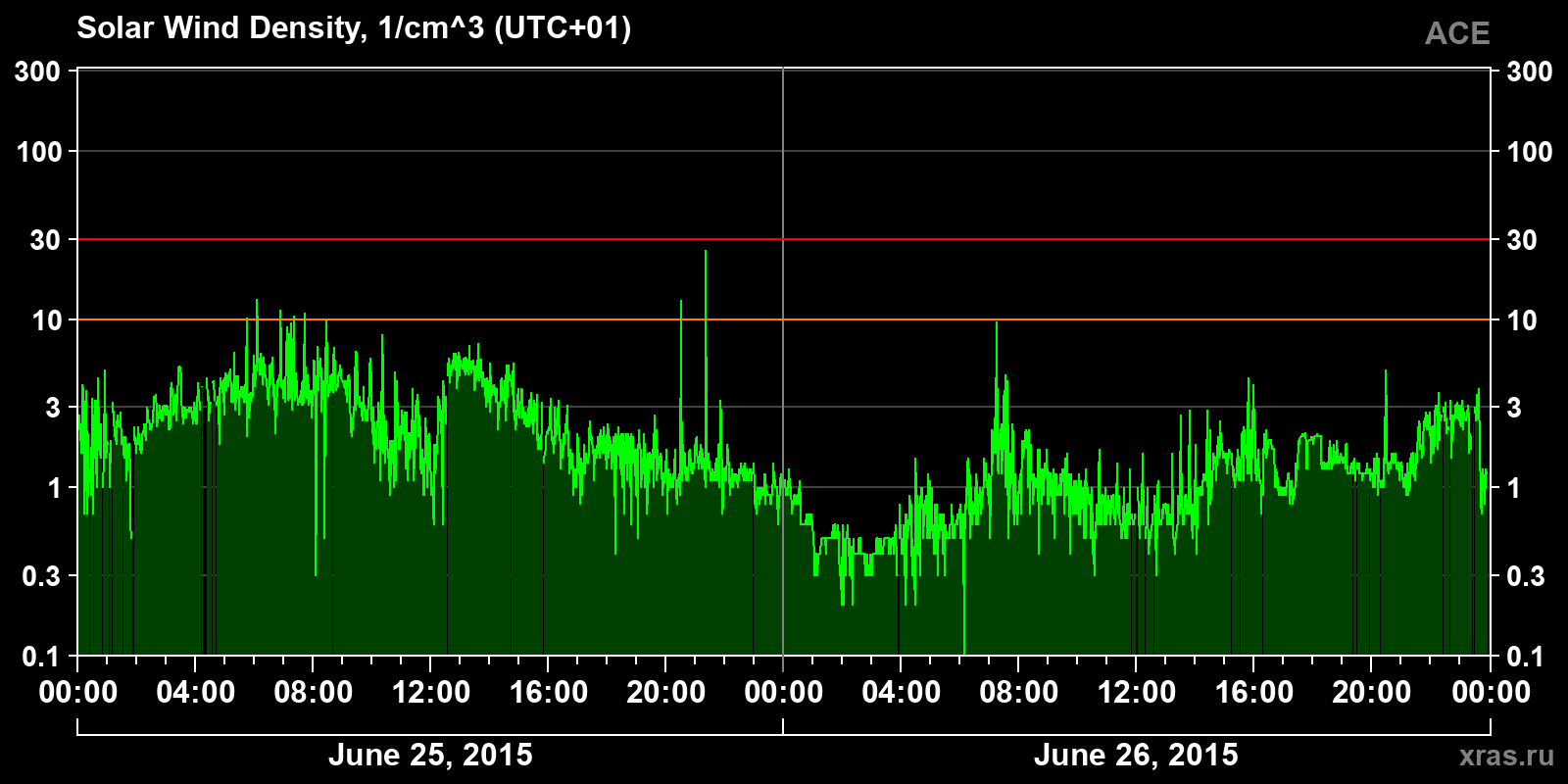 Solar wind density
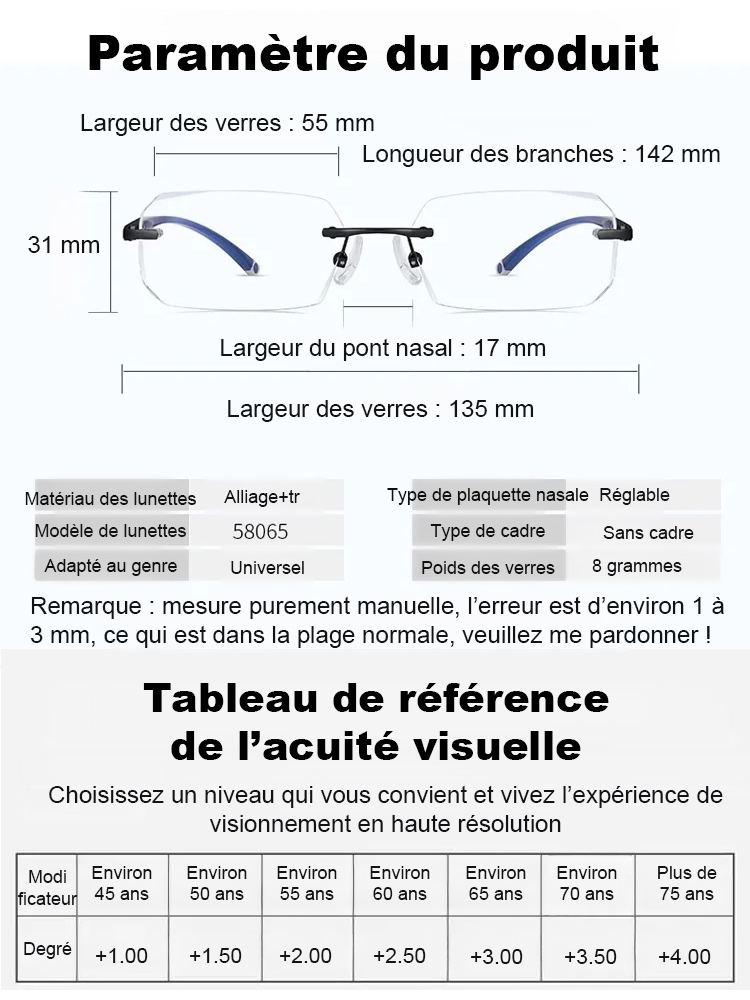 【Recommandé par les ophtalmologistes】Lunettes intelligentes anti-lumière bleue à zoom et teinte ajustables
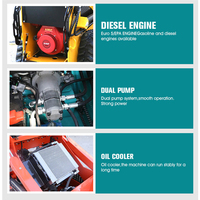 Chine Usine Vente Mini Skid Steer Loader Compact Roue/Piste Moteur Diesel Chargeur frontal Avec Core Motor Pump Gearbox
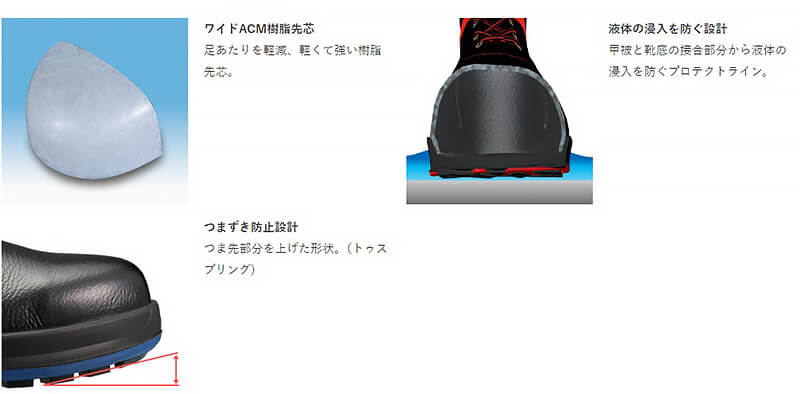 シモンさん、専用です。 安全靴・手袋のシモン 鳶技S538黒 (24.0～29.0cm
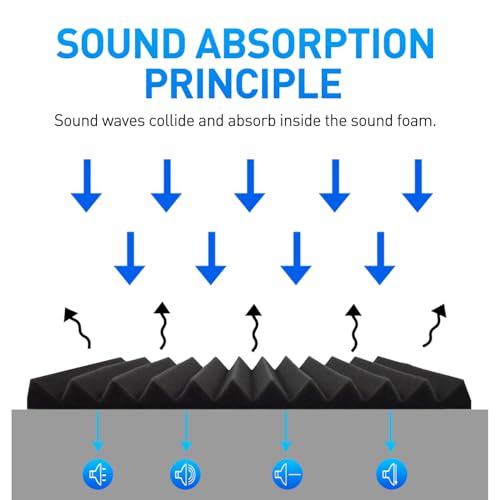 Focusound 120 Pack Acoustic Foam Panels 1" x 12" x 12" Sound Proof Foam Panels Soundproofing Noise Cancelling Wedge Panels for Home Office Recoding Studio with 600 PCS Double-Side Adhesive - Image 4
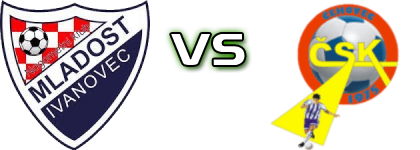 Mladost (I) - ČSK Statistiche e dettagli partita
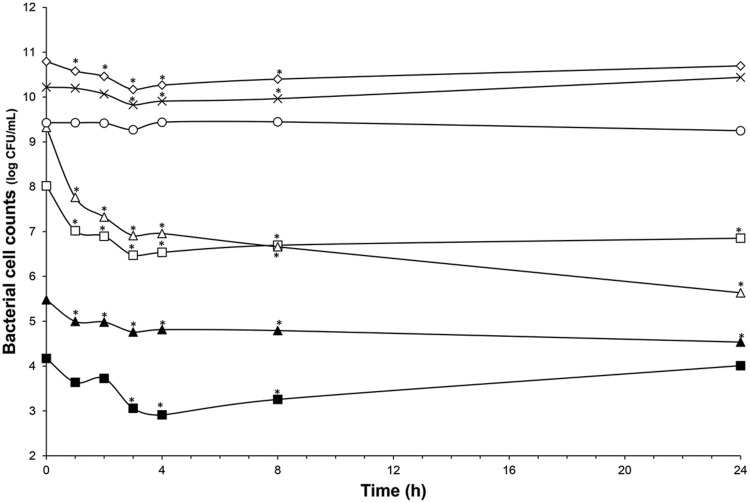 FIGURE 4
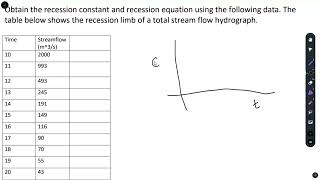 Determination of Recession Equation | Runoff | Hydrology |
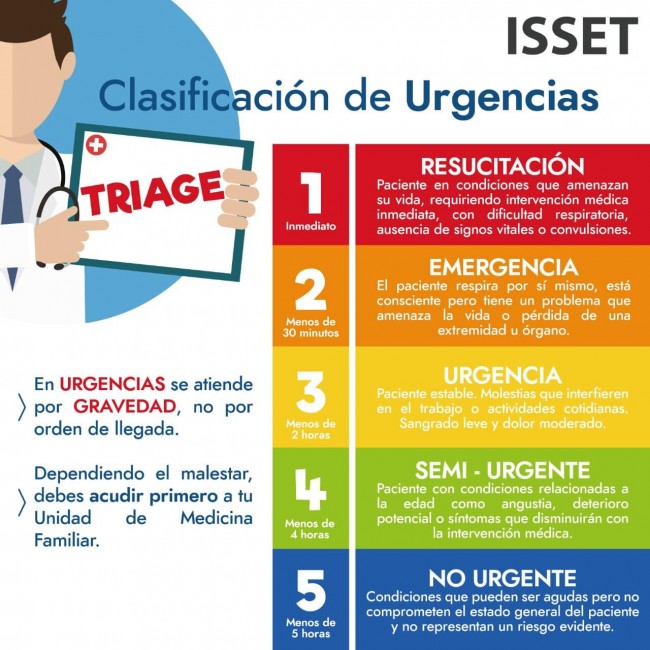 Dan a conocer sistema Triage hospitalario del ISSET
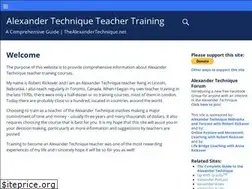 Sites similar to thealexandertechnique.net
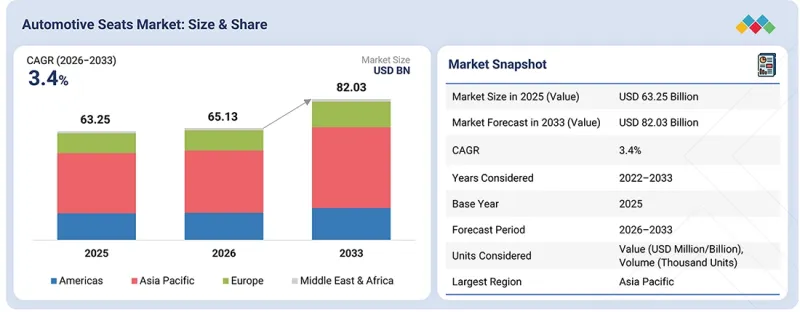 Automotive Seats Market-IMG1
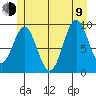 Affleck Canal tide chart for Sunday, July 9, 2023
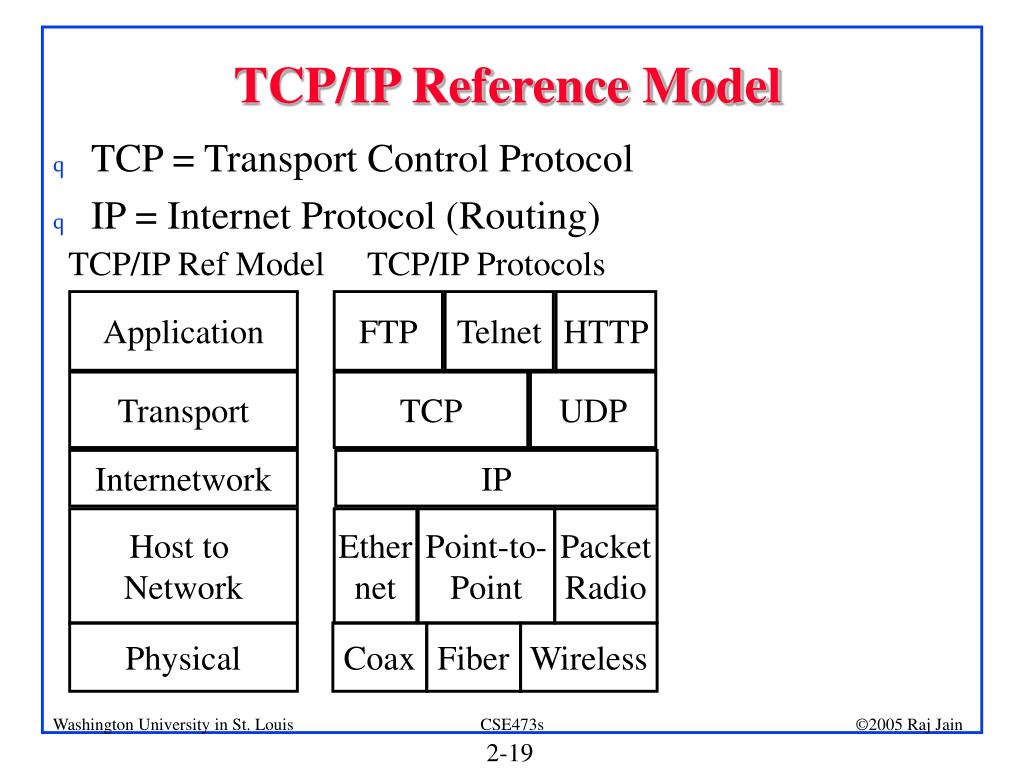 Tcp ip udp. Модель TCP IP. Эталонная модель TCP/IP. TCP (transport Control Protocol. TCP IP маршрутизация.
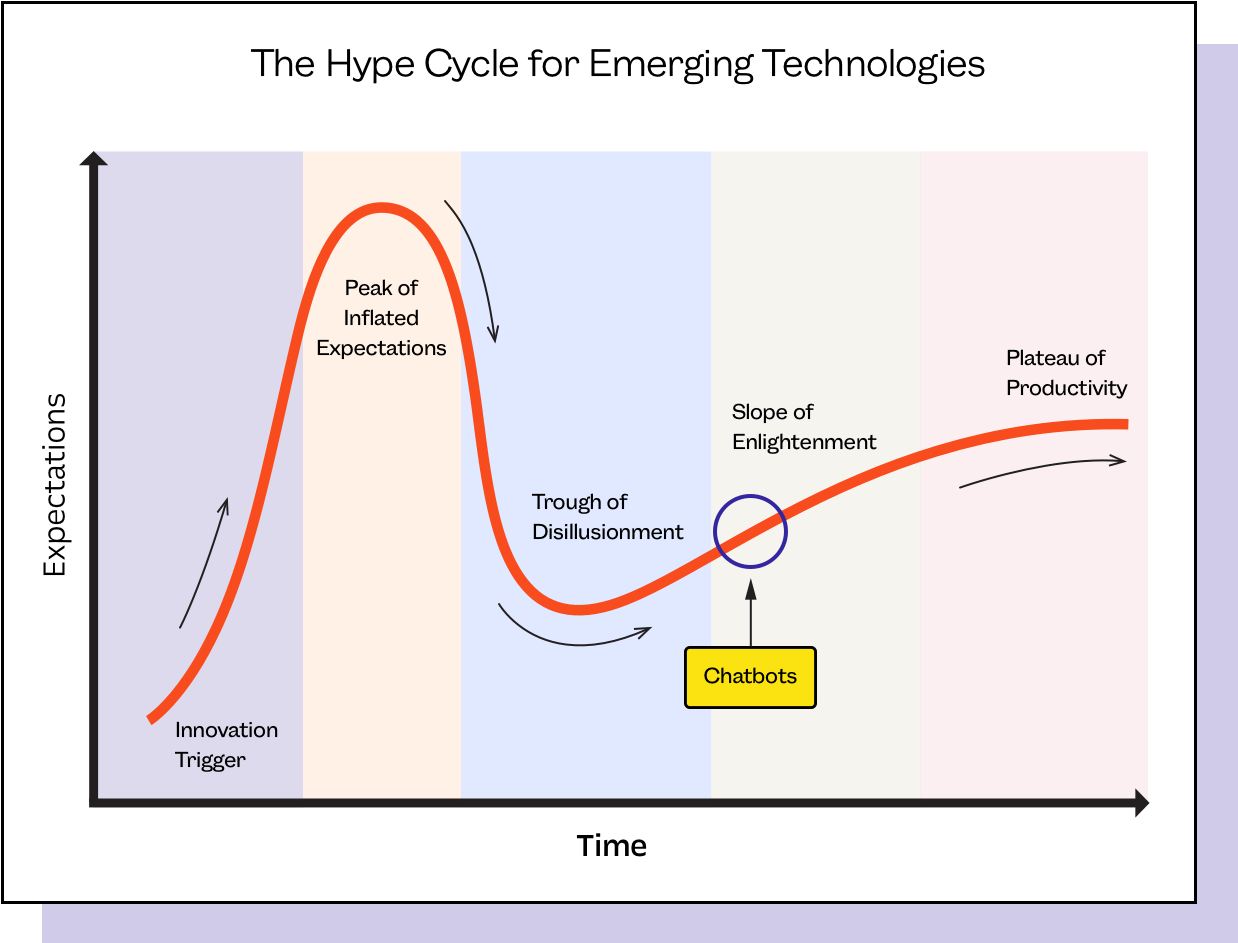 gartner hype cycle chatbots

▬▬▬▬▬▬▬▬▬▬

> _What this task involves_
Repeat each record exactly as shown above, dropping all images.

> _Solved problem_
 Solar wind density
 【Recommandé par les ophtalmologistes】Lunettes intelligentes anti-lumière bleue à zoom et teinte ajustables
 Chine Usine Vente Mini Skid Steer Loader Compact Roue/Piste Moteur Diesel Chargeur frontal Avec Core Motor Pump Gearbox
 シモンさん、専用です。 安全靴・手袋のシモン 鳶技S538黒 (24.0～29.0cm
 Focusound 120 Pack Acoustic Foam Panels 1" x 12" x 12" Sound Proof Foam Panels Soundproofing Noise Cancelling Wedge Panels for Home Office Recoding Studio with 600 PCS Double-Side Adhesive - Image 4
 Mladost (I) - ČSK Statistiche e dettagli partita
 FIGURE 4
 Determination of Recession Equation | Runoff | Hydrology |
 Dan a conocer sistema Triage hospitalario del ISSET
 Sites similar to thealexandertechnique.net
 Automotive Seats Market-IMG1
 Affleck Canal tide chart for Sunday, July 9, 2023
 Tcp ip udp. Модель TCP IP. Эталонная модель TCP/IP. TCP (transport Control Protocol. TCP IP маршрутизация.
 gartner hype cycle chatbots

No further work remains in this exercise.